Generators live under gan_engine.model.generators. The registry includes:

  • SRResNet / residual blocks – Strong baselines for RGB and grayscale imagery.
  • RCAB / channel attention – Residual channel attention blocks for hyperspectral or medical volumes where channel interactions matter.
  • RRDB (ESRGAN) – Residual-in-residual blocks with dense connections and adjustable growth channels.
  • Large-kernel attention (LKA) – Convolution + attention hybrids for detail-rich microscopy or satellite data.
  • Stochastic generators – Latent-conditioned branches for perceptual diversity and hallucinated detail.
  • UNet inpainting heads (roadmap) – Mask-aware decoders that fuse context from surrounding pixels.
  • Text-conditioned decoders (roadmap) – CLIP/transformer driven adapters that inject prompt embeddings.

Custom generators can be registered via gan_engine.model.registry.register_generator. As long as they expose the same signature, they can be configured through YAML like any built-in model.

Discriminators

Discriminators live in gan_engine.model.discriminator and share the same registry pattern:

  • Standard SRGAN discriminator – Convolutional classifier operating on whole images.
  • PatchGAN variants – Local adversaries ideal for texture-heavy microscopy or photographic enhancement.
  • ESRGAN discriminator – Deeper architecture with spectral-normalised layers and feature matching heads.
  • 3D-ready options – 3D convolutions for volumetric data (enable by setting Data.dimensions: 3d).
  • Mask-aware discriminators (roadmap) – Fuse mask channels to validate inpainting consistency.
  • Text/image fusion discriminators (roadmap) – Cross-attend to prompt embeddings for conditional synthesis.

Cadence and learning-rate scheduling can be tuned per discriminator via configuration keys.

Loss suite

gan_engine.model.losses provides a palette of loss functions that can be blended together:

  • Pixel/structural: L1, L2, SSIM, total variation.
  • Spectral/geometric: Spectral angle mapper, histogram matching penalties, gradient-domain losses.
  • Perceptual: VGG19, LPIPS, and custom feature extractors with channel-selection masks so you can target only the relevant bands.
  • Adversarial: BCE-with-logits, relativistic GAN, and feature-matching losses for discriminator stabilisation.
  • Prompt alignment (roadmap): CLIP/Text losses to align generated content with prompts or class labels.

Loss weights, warm-up phases, and perceptual channel masks are all defined in configuration files.
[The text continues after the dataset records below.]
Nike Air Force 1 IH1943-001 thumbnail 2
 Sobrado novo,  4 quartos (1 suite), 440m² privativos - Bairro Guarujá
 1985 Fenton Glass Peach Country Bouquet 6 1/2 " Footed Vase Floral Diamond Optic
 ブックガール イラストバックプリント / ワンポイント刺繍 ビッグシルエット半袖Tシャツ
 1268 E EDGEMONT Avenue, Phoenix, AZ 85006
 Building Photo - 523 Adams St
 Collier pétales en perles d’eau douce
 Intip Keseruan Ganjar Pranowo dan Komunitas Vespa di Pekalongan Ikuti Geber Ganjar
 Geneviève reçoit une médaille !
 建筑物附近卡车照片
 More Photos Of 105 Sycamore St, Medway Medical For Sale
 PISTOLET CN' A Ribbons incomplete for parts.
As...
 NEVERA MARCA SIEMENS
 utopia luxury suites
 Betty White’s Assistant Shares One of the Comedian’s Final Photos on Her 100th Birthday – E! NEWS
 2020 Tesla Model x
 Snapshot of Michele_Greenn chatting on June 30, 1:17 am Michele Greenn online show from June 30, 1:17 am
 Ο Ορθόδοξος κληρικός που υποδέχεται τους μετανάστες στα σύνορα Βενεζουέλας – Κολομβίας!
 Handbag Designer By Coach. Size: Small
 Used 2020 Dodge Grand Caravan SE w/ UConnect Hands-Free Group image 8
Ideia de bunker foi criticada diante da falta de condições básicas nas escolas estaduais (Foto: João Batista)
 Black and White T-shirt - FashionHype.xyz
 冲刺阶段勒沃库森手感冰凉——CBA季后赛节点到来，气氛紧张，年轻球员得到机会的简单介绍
Normalisation & statistics

The gan_engine.data.normalizers package converts raw sensor/scanner values into network-friendly ranges. It supports per-channel z-score, percentile, min-max, histogram matching, and custom loaders. Normalisers can operate on 2D or 3D data and have separate behaviour for low-resolution (LR) and high-resolution (HR) branches.

Data pipeline

Datasets are defined in gan_engine.data. The key abstractions are:

  • Dataset selectors – YAML-driven wrappers that map modality keywords (e.g. CV, ChestXRay), mask-aware datasets, or prompt corpora to dataset classes.
  • Paired datasets – Return aligned LR/HR pairs with optional augmentation pipelines.
  • Conditional datasets – Provide (image, mask/prompt, metadata) tuples for upcoming inpainting and text tasks.

You can create custom dataset classes and register them via entry points or Python hooks referenced in configuration files.

Utilities

  • EMA manager (gan_engine.utils.ema) – Maintains exponential moving averages of generator weights.
  • Scheduler helpers (gan_engine.utils.schedulers) – Implement warm-ups, cosine ramps, and plateau detectors for both optimisers.
  • Logging utilities (gan_engine.utils.loggers) – Standardise image grids, scalar tracking, and histogram logging across loggers, including prompt/mask previews.

Understanding how these pieces interact will help you design new models, integrate domain-specific metrics, or extend the toolkit for novel modalities.